**Task details**
Exactly as written, return all the data, leaving its pictures behind.

Caption-style text data:
########################################
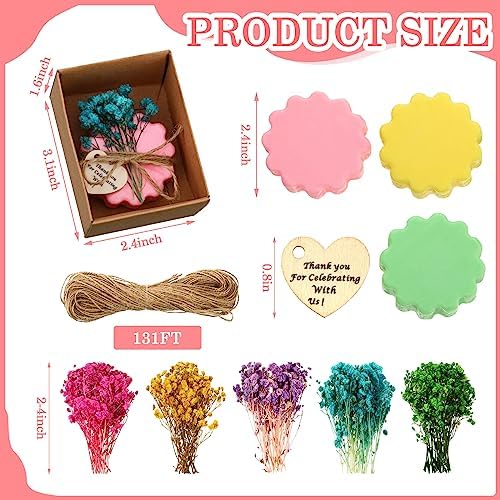 45 Sets Soap Favors Bulk for Wedding Gifts, Flower, Green, Yellow, Red - Image 2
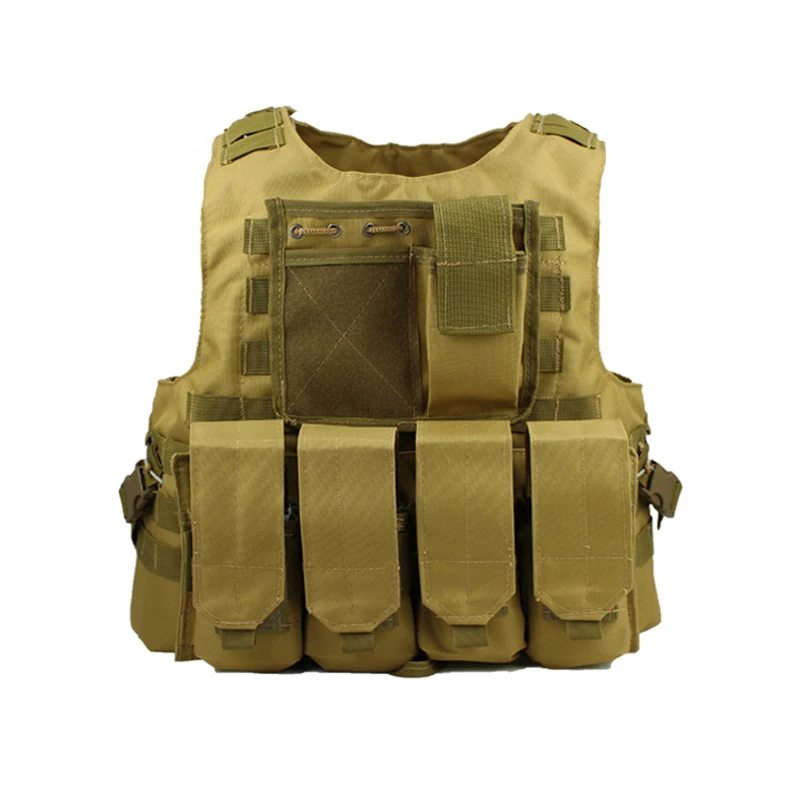 Brown Военный жилет тактический страйкбол боевой жилет армейский Molle Штурмовое поле оборудование Охота верхняя одежда CS жилет 10 цветов - Цвет: Brown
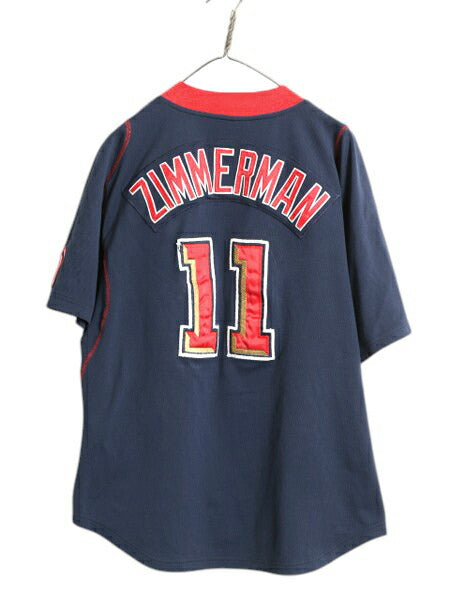 ナショナルズ ベースボール シャツ メンズ L / MLB オフィシャル ナイキ 大リーグ ユニフォーム ゲームシャツ ジャージ スウッシュ 重ね着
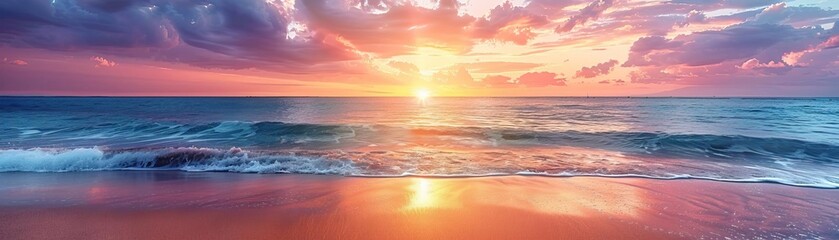 A stunning beach scene at sunset, the sky filled with vibrant hues of orange, pink, and purple as the sun dips below the horizon © Fay Melronna 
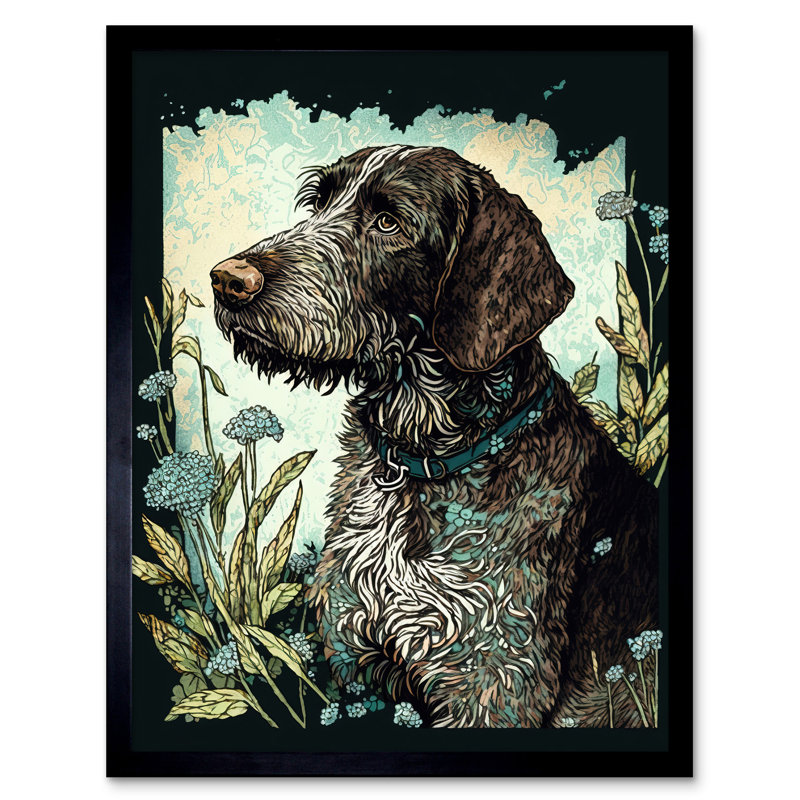 German Wirehead Pointer Dog And Blue Wildflowers Modern Portrait - Single Picture Frame Print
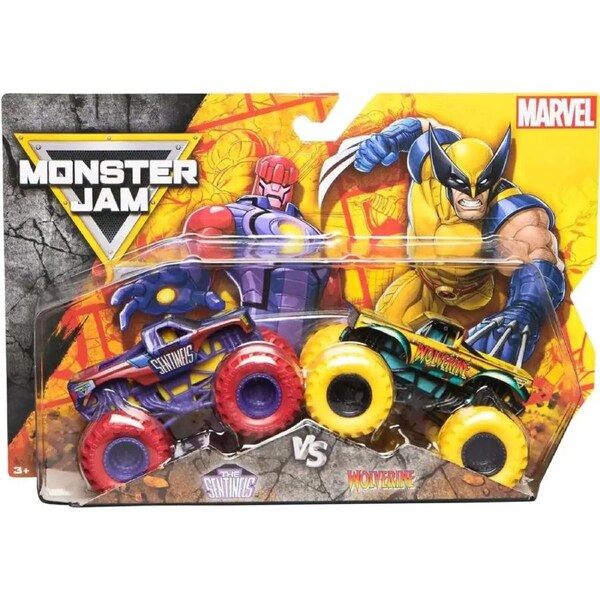 Monster Jam Marvel The Sentinels Vs Wolverine 2pk 1:64 Diecast Vehicle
########################################
**Expected answer**
 45 Sets Soap Favors Bulk for Wedding Gifts, Flower, Green, Yellow, Red - Image 2
 Brown Военный жилет тактический страйкбол боевой жилет армейский Molle Штурмовое поле оборудование Охота верхняя одежда CS жилет 10 цветов - Цвет: Brown
 ナショナルズ ベースボール シャツ メンズ L / MLB オフィシャル ナイキ 大リーグ ユニフォーム ゲームシャツ ジャージ スウッシュ 重ね着
 A stunning beach scene at sunset, the sky filled with vibrant hues of orange, pink, and purple as the sun dips below the horizon © Fay Melronna 
 German Wirehead Pointer Dog And Blue Wildflowers Modern Portrait - Single Picture Frame Print
 Monster Jam Marvel The Sentinels Vs Wolverine 2pk 1:64 Diecast Vehicle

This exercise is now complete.